Task input: Begin

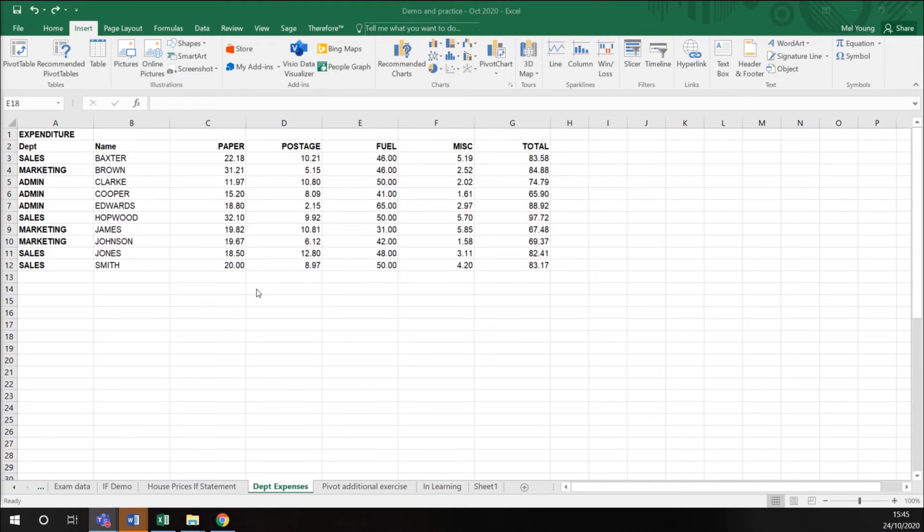What we want to do is create a pivot table that shows this data in a different way. We want the totals by department.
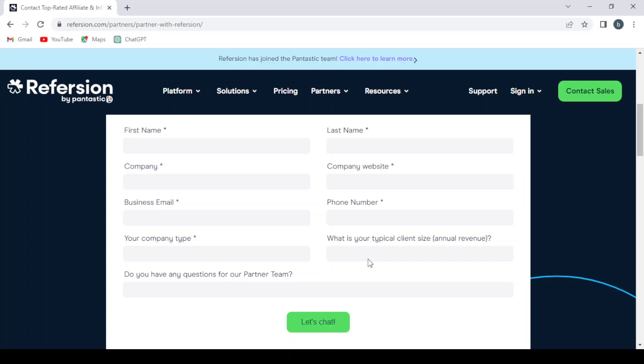One million to ten million, ten million to fifty million, fifty million to two hundred million. So let's go with the least one. Let's give them our first name, last name, company, our company website, then our business email.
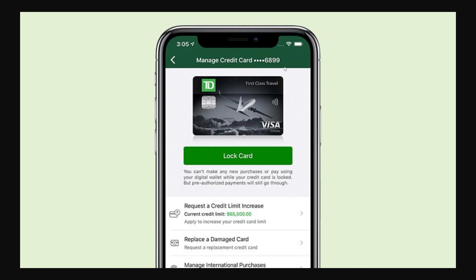If they allowed you to see your full card number and all your card details, that would mean if someone stole your phone or your bank account got hacked, they would have access to all of your card details and would basically be able to buy whatever they wanted using your card. So obviously that's a massive security concern.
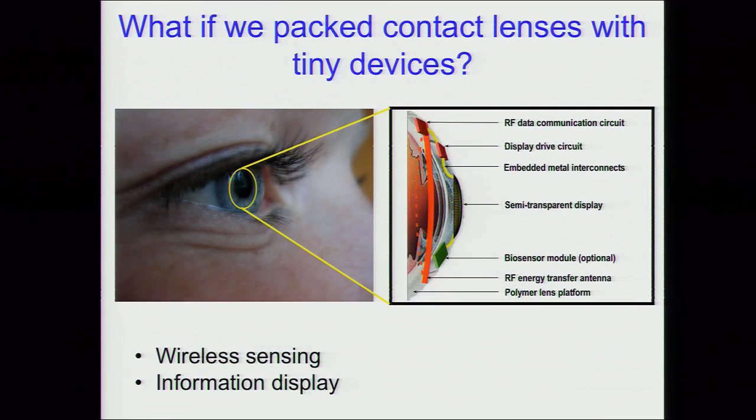We've had a program for some time now to take a contact lens, which is an interesting piece of engineered polymer, and attempt to put different types of tiny devices onto it for two particular reasons. One is that we believe this can have an interesting application in healthcare. The second is the application of a contact lens that has devices in it for information display. I'd like to first tell you why we might be interested in contact lenses for healthcare monitoring, then tell you what happens for information display, and give you a few examples of how we've attempted to actually implement these devices.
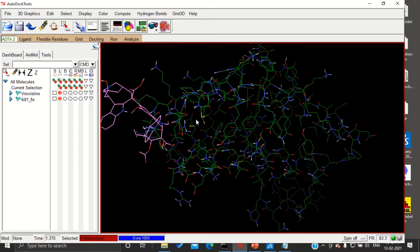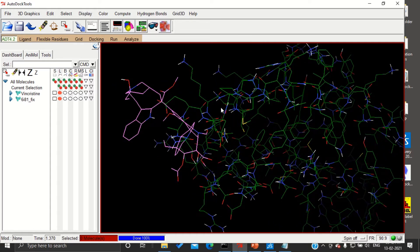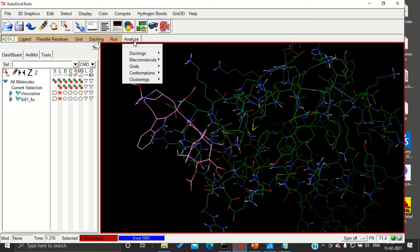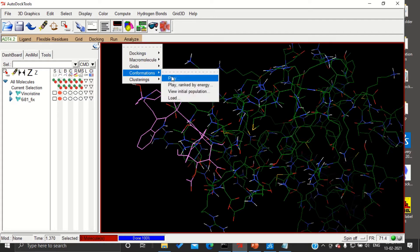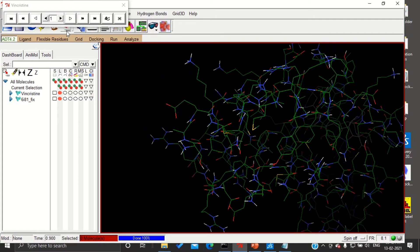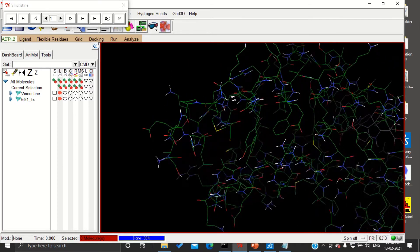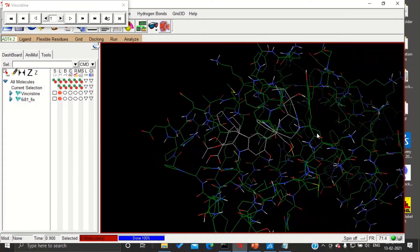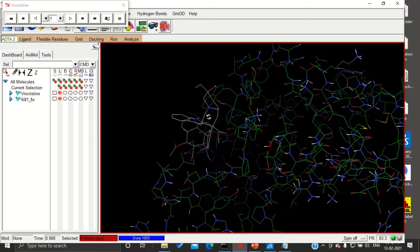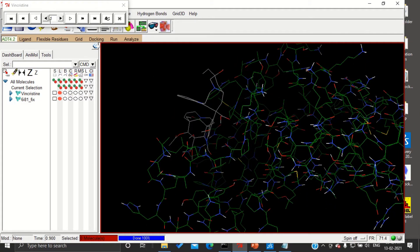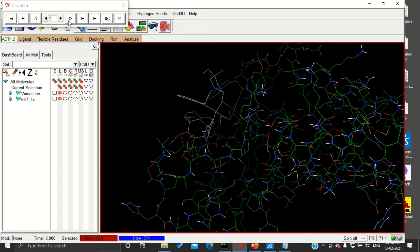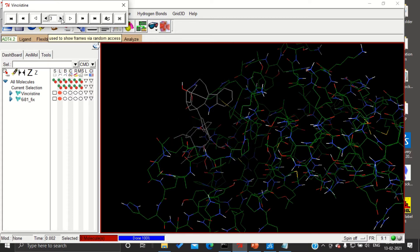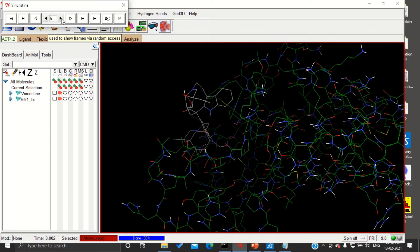Now you are able to see the conformations at which we got very good results. That is run 5. Go to analyze conformations, play. Here you can see our drug vincristine in conformation number 1. It was binded like this. If I keep changing this, you can see the changes in the conformations: 3, 4, and 5.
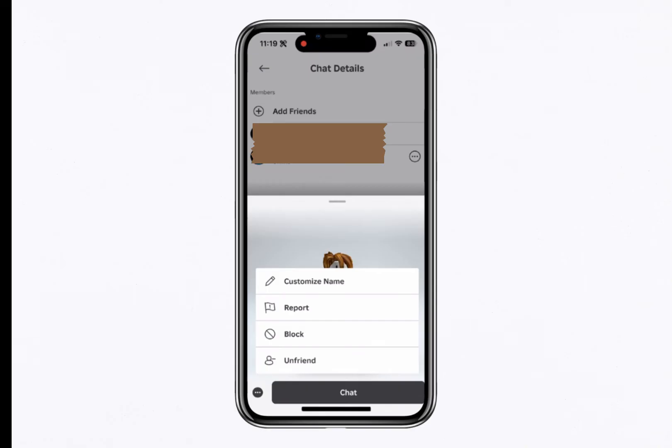Just keep in mind, if you add them back later, the conversation will return, but it won't include any previous messages. This is a great way to clear your chat history and start fresh.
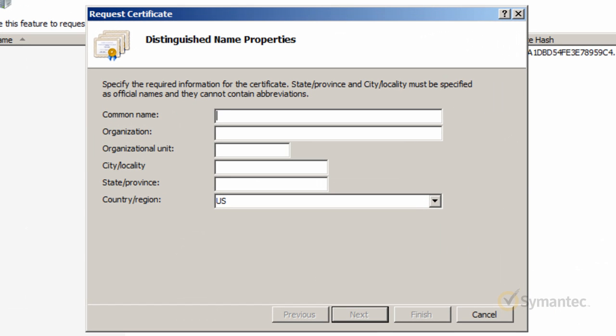The Distinguished Name Properties window will then appear. Take note that the information you enter here will populate the Issue 2 values for your SSL certificate. This first field, the common name, is where you enter the fully qualified domain name. This would be the host name plus the domain name.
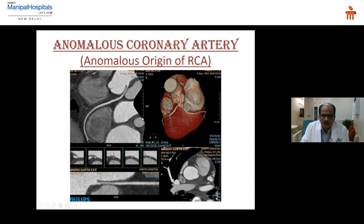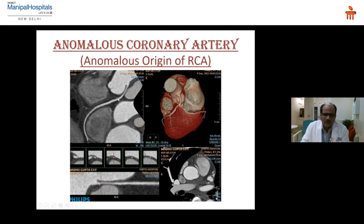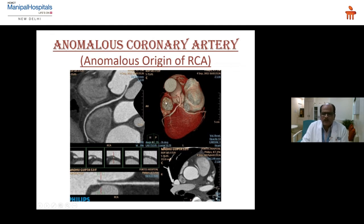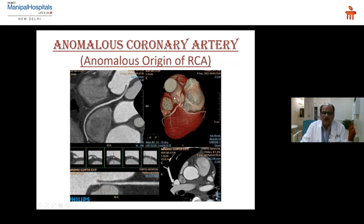Another very interesting case: a young lady, a paramedical staff member, had breathlessness on exertion and was placed on medication for a long time. CT was done and the findings showed the RCA arising from the left main with a course between the aorta and the pulmonary artery — between two high-pressure chambers. So on any exertion, this artery gets compressed, causing chest pain and dyspnea. This is known as the malignant form of anomalous RCA.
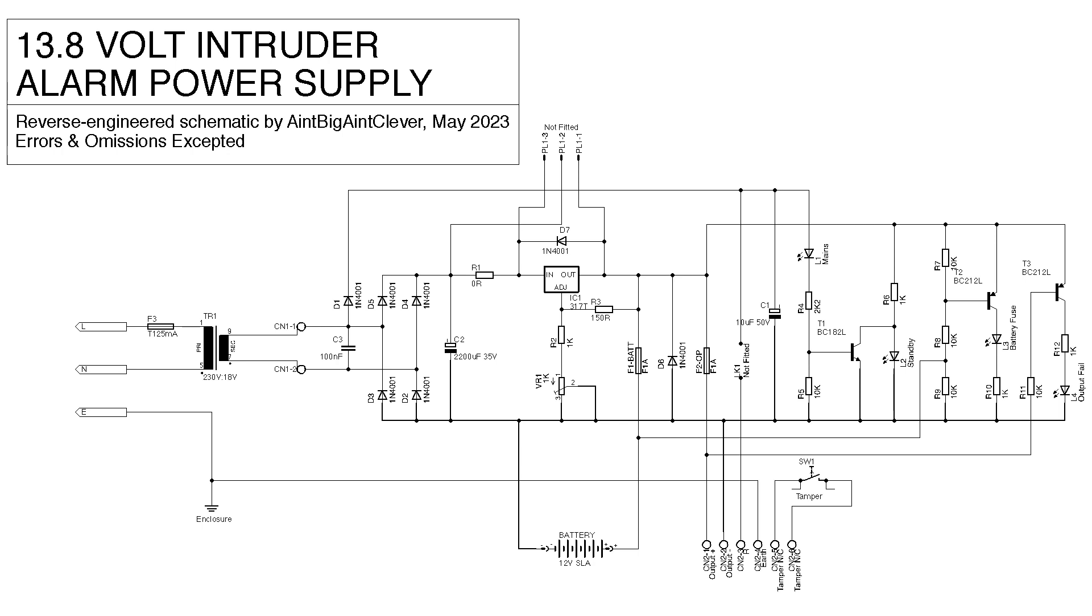Move past the transformer and you can pretty much split the diagram down the middle. Everything to the left of the missing jumper link is the power supply circuit. Everything to the right is purely for monitoring. The power supply circuit is simple enough. Bridge rectifier, smoothing cap and an LM317T adjustable voltage regulator. That's been set to give an output of 13.6 volts which then connects via a fuse to the battery and another fuse to the output.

Task input: End

- _Task brief_: Your answer should consist of the lines above between those holding "One million to" and "Just keep in", inclusive, reproduced word for word and without pictures.

- _Response for this exercise_:
One million to ten million, ten million to fifty million, fifty million to two hundred million. So let's go with the least one. Let's give them our first name, last name, company, our company website, then our business email.
If they allowed you to see your full card number and all your card details, that would mean if someone stole your phone or your bank account got hacked, they would have access to all of your card details and would basically be able to buy whatever they wanted using your card. So obviously that's a massive security concern.
We've had a program for some time now to take a contact lens, which is an interesting piece of engineered polymer, and attempt to put different types of tiny devices onto it for two particular reasons. One is that we believe this can have an interesting application in healthcare. The second is the application of a contact lens that has devices in it for information display. I'd like to first tell you why we might be interested in contact lenses for healthcare monitoring, then tell you what happens for information display, and give you a few examples of how we've attempted to actually implement these devices.
Now you are able to see the conformations at which we got very good results. That is run 5. Go to analyze conformations, play. Here you can see our drug vincristine in conformation number 1. It was binded like this. If I keep changing this, you can see the changes in the conformations: 3, 4, and 5.
Just keep in mind, if you add them back later, the conversation will return, but it won't include any previous messages. This is a great way to clear your chat history and start fresh.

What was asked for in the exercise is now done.